Embedded
An end-to-end project at TUM’s Institute of Automation and Information Systems spanning the full stack of intelligent distributed embedded systems. The work covers formal system modeling with Petri nets, PLC control programming, MATLAB/Simulink-based control design, and model-driven engineering with automated code generation — all applied to a Festo sorting station as the target hardware platform.
My Contributions
- Petri Net Modeling: Modeled concurrent and distributed systems using Petri nets, analyzed network properties (deadlock-freedom, liveness, reproducibility, and termination), and constructed incidence matrices. Used PIPE for graphical verification and MATLAB to compute reachability vectors.
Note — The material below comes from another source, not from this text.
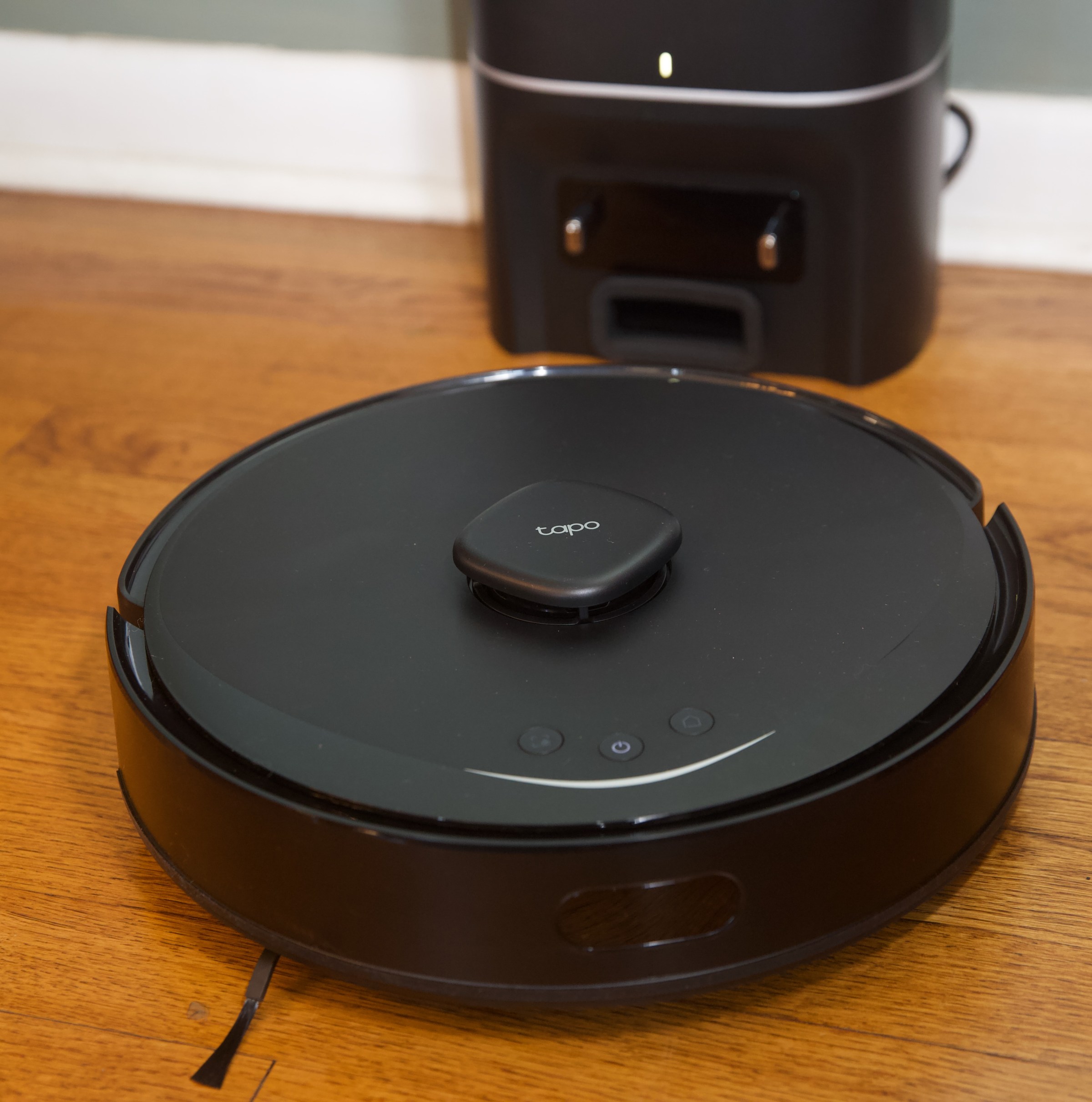 A black robot vacuum on a hardwood floor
- Stateflow Control Design: Designed a complete Stateflow state machine in MATLAB Simulink to control a Festo sorting station, implementing a safe initialization sequence, height and color sensor evaluation, and two distinct workpiece paths (rejection vs. acceptance).
- PLC Programming: Programmed the Festo station in CoDeSys using IEC 61131-3 Structured Text, and established a live connection between the MATLAB simulation and the real PLC runtime.
- Metamodel Design: Designed an Ecore metamodel for a library management system using Obeo Designer, capturing inheritance hierarchies, composition relationships, and associations. Used the Eclipse Modeling Framework (EMF) to auto-generate Java model code from the metamodel.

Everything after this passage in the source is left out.